What foreign business traveler did not have Bangalore on his itinerary these days? Did they expect him to go to Delhi?

“Your business proposal arrived after he left Chicago, but it caught my attention and I couriered it to him in Delhi at the…” There was a break. “… ah, Hotel Maurya Sheraton, I believe.”

Murthy swallowed his disappointment. Even if his business proposal had reached Mr. Richardson before he left Chicago, even if Murthy had taken the train to Delhi to save money, Hotel Maurya Sheraton was out of his league.

“But he’s in Chennai for a day. At Hotel Park Sheraton and can meet you for dinner. Would that work with your schedule?”

Chennai - or Madras, as he knew it. For years the city had kept the name that the British gave it. Did politicians care that changing it took an emotional toll on people like Murthy? Madras was home to him, not Chennai. And did the accented voice on the phone realize that Madras — he would call it Madras as long as he could get away with it — was 200 kilometers from Bangalore where he lived? “Yes, it will, Ms…”

“Neeta. It’s Parineeta. My folks are originally from Calcutta, but I’ve lived forever in Chicago. But call me Neeta, it’s not such a tongue twister.”

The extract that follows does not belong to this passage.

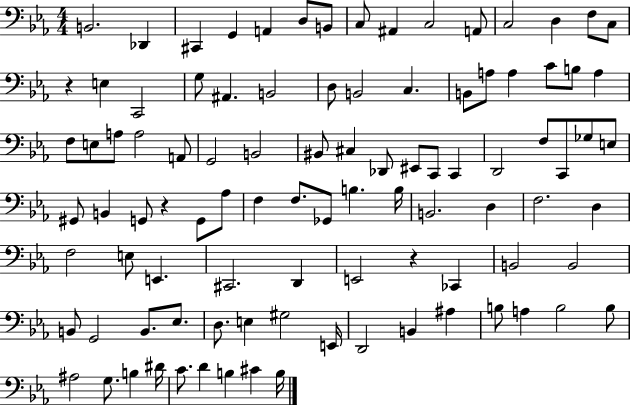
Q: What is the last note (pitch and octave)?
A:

Subramanya Murthy smiled. The smile deepened his dimples. It was part of the package along with his twinkling black eyes that drew people to him in an instant. He willed his charming smile to travel across the seas and dazzle her. “Neeta, please tell Mr. Richardson I’ll meet him at Hotel Park Sheraton at 7:30 tomorrow evening.”

“Sure will. Would it be too much to ask you to handle the dinner reservations, Mr. Murthy?”

“Not at all. What is Mr. Richardson’s preference?”

“There was a restaurant he mentioned from his last visit. Let me think now — Thai cuisine, it was. Close to Hotel Park Sheraton — Ben-something,” she said.

“I know the place. Benjarong. Seven-thirty tomorrow.”

“That’ll be great. And — I hope I’m not out of line here — is there a Mrs. Murthy? Please do take her with you. Mr. Richardson would be delighted to meet her.”